Records to use:
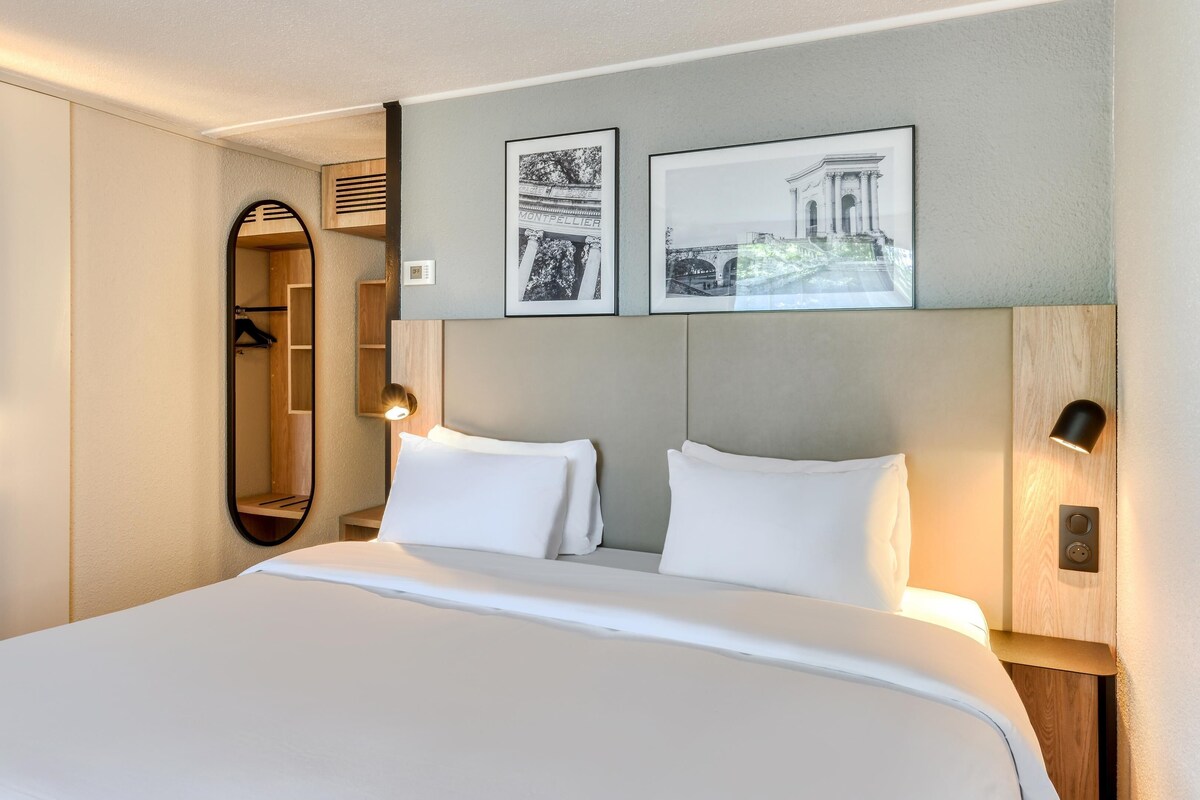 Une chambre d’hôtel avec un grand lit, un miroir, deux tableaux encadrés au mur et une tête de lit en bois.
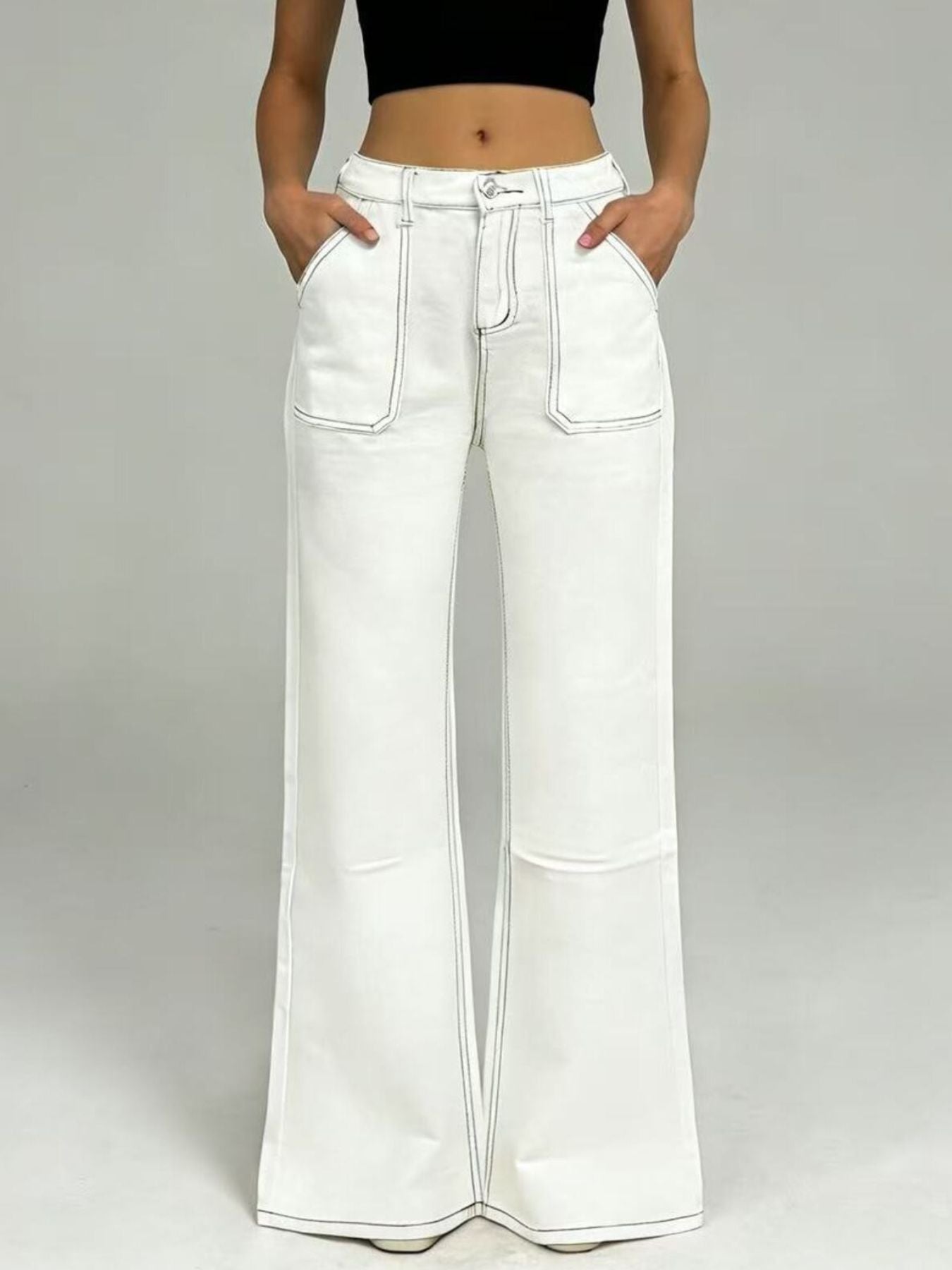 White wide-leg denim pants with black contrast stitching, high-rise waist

...

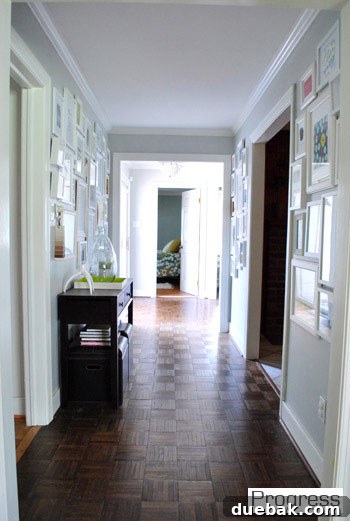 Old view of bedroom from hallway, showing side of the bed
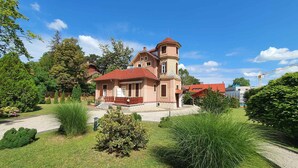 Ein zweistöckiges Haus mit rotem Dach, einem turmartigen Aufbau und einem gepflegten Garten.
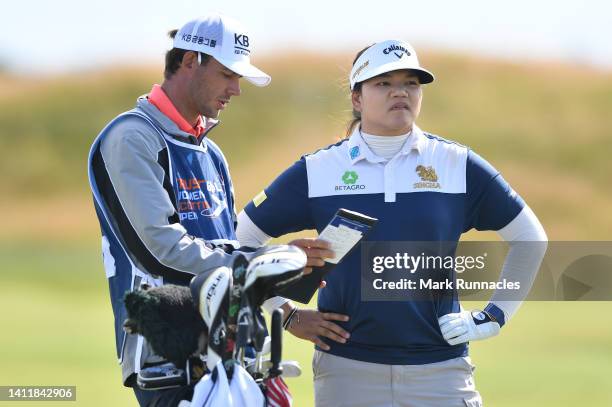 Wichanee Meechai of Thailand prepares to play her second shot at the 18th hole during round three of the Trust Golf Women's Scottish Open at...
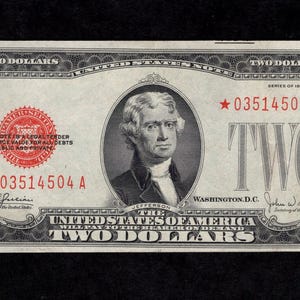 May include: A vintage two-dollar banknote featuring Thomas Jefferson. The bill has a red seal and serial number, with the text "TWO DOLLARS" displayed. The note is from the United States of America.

---

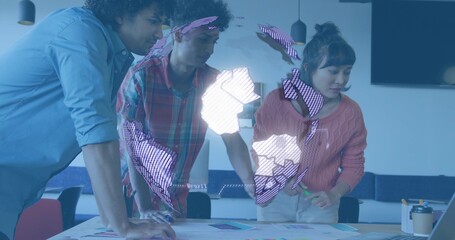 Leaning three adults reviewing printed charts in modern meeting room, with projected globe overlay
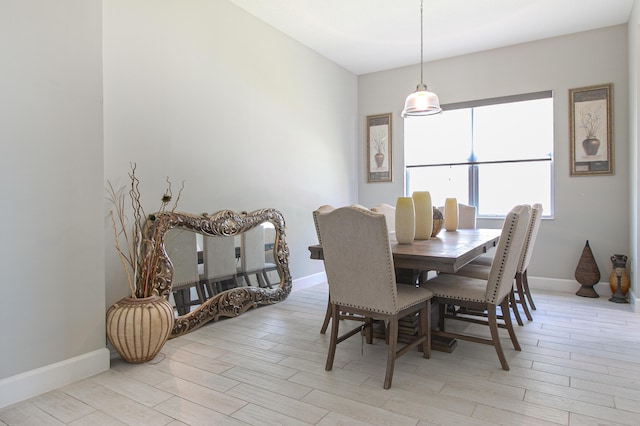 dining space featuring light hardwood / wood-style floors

Action item: Using the entries above, extract exactly the lines from the one that contains "Leaning three adults" through the one that contains "dining space featuring". Do not carry over any pictures.

Task output:
 Leaning three adults reviewing printed charts in modern meeting room, with projected globe overlay
 dining space featuring light hardwood / wood-style floors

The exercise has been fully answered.